> [EXERCISE]: Give back the whole listing exactly as written, pictures excluded.

DATA PROVIDED: Begin

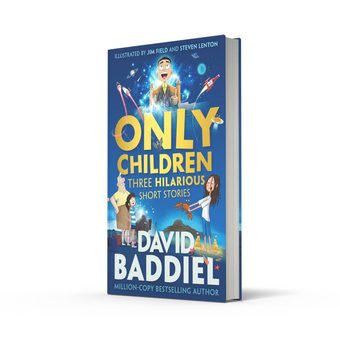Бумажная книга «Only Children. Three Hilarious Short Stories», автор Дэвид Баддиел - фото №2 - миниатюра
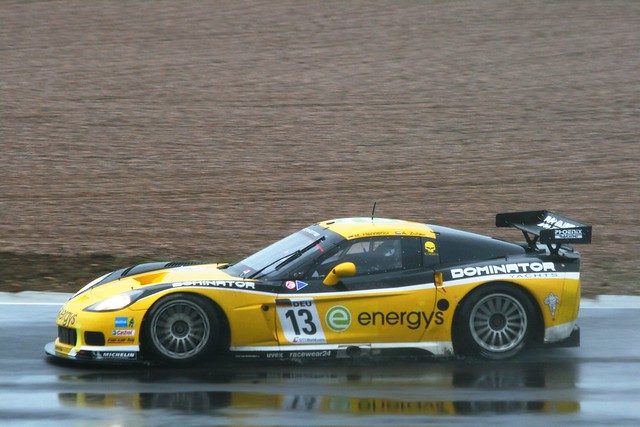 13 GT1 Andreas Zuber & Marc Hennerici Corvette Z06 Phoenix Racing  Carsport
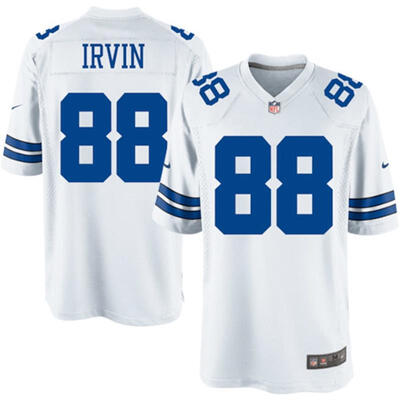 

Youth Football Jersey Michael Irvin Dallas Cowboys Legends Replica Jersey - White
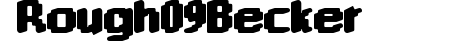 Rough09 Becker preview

DATA PROVIDED: End

> [TASK RESULT]:
Бумажная книга «Only Children. Three Hilarious Short Stories», автор Дэвид Баддиел - фото №2 - миниатюра
 13 GT1 Andreas Zuber & Marc Hennerici Corvette Z06 Phoenix Racing  Carsport

Youth Football Jersey Michael Irvin Dallas Cowboys Legends Replica Jersey - White
 Rough09 Becker preview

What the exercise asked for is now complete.